Parsing JSON back into Pydantic models (reconstruct & render)

To go beyond “just JSON”, reconstruct the full report object and pass it to templates or programmatic tooling.

import json
from pipeline_watcher import PipelineReport

def load_report(path: str) -> PipelineReport:
    with open(path, "r", encoding="utf-8") as f:
        data = json.load(f)
    # Validate & construct the full object graph (PipelineReport → FileReport → StepReport)
    return PipelineReport.model_validate(data)  # pydantic v2

# Usage
report = load_report("reports/progress.json")
# now pass `report` directly to Jinja2 or other code

If you need resilience for older schema versions, add a small migration layer before model_validate() (e.g., if data.get("report_version") == "v1": transform(data)).

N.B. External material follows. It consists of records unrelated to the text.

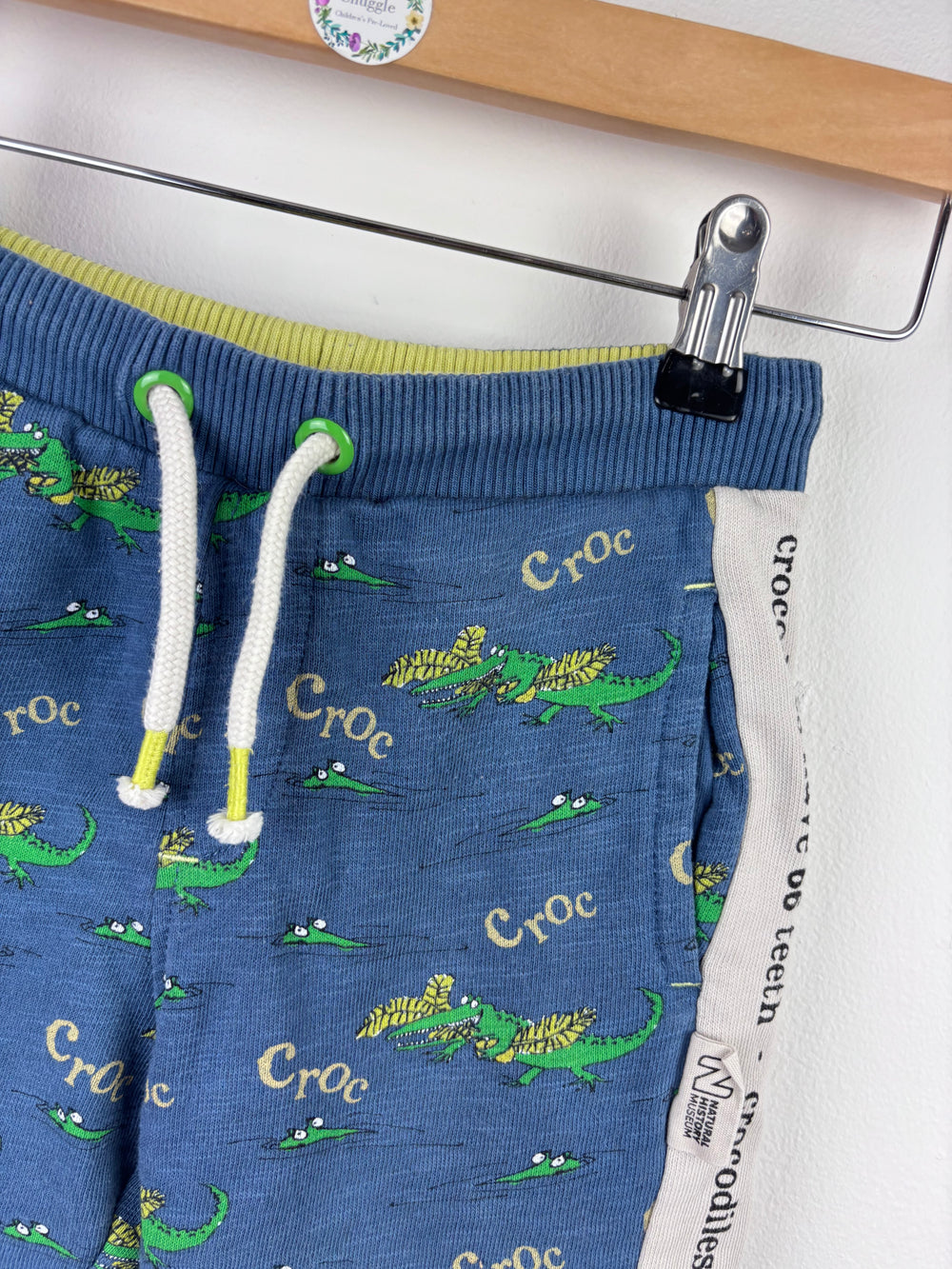 M&S Croc Shorts 4-5 Years-Shorts-Second Snuggle Preloved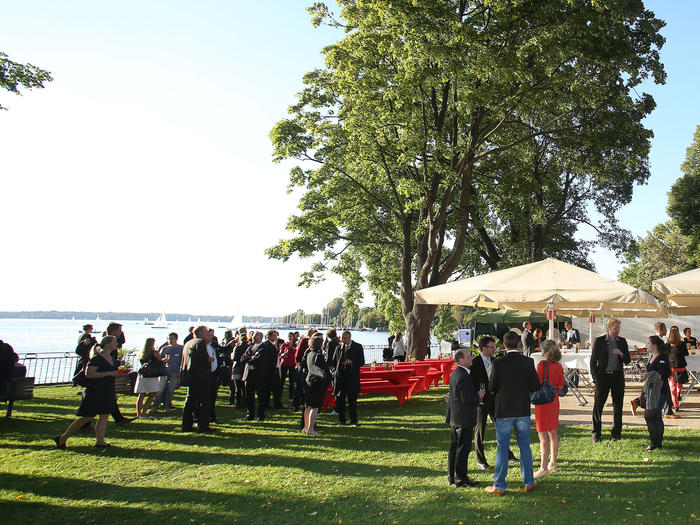 Sommerfest des Netzwerks Unternehmertum und der Berliner Sparkasse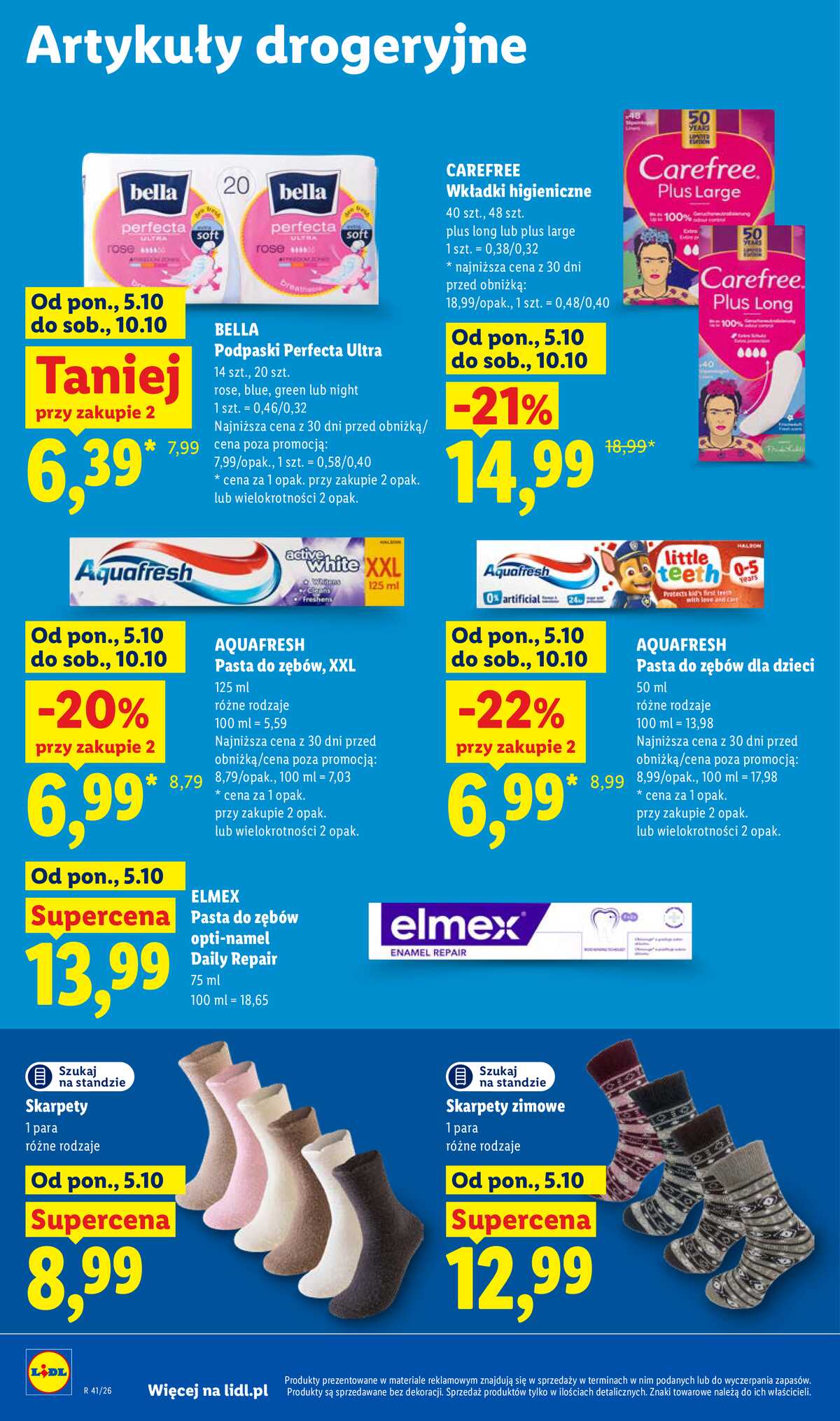 Leták Lidl Polsko 5.10.-7.10.2026 - Leták strana 84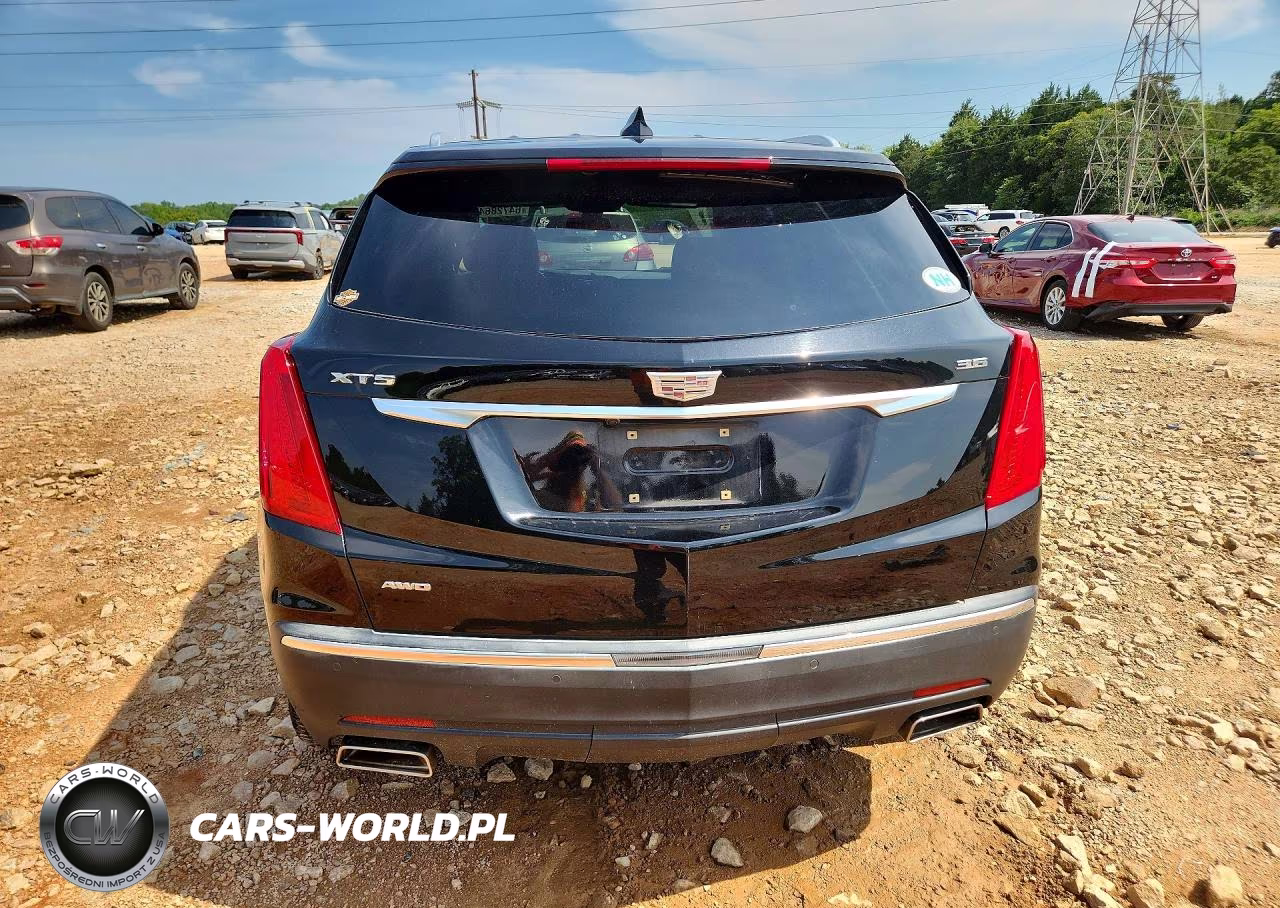 2019 Cadillac Xt5 Premium Luxury VIN:1GYKNFRS3KZ146208 - 6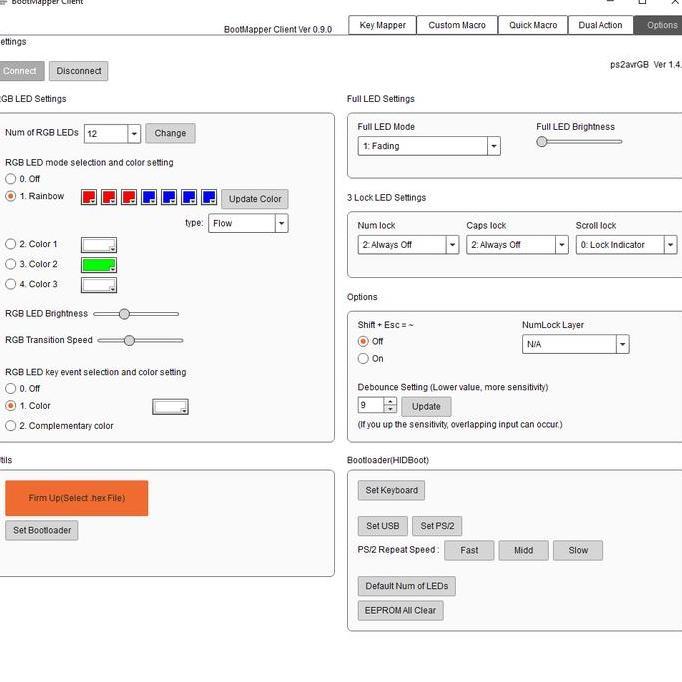 Macropad OSU Mechanical Keyboard Programmable Key Macro RGB Terlaris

Pydantic will do the heavy lifting for nested models and enums.

Persistence

JSON-friendly: model_dump_json() on any report.
Helper: dump_report(path, report) or PipelineReport.save(output_path) (direct write).

from pipeline_watcher import dump_report

dump_report("reports/progress.json", report)  # atomic helper
# or, if you prefer a direct write on the object:
report.output_path = "reports/progress.json"
report.save()

When to reach for heavier tools

Orchestration (Prefect/Dagster): scheduling, retries, distributed runs, and fleet UIs.
Experiment tracking (MLflow/W&B): params, metrics, artifacts, and comparisons.
Data validation (Great Expectations): formalized expectations & HTML data docs.

pipeline-watcher stays intentionally small: append-only, JSON-first, HITL‑aware, and UI-ready.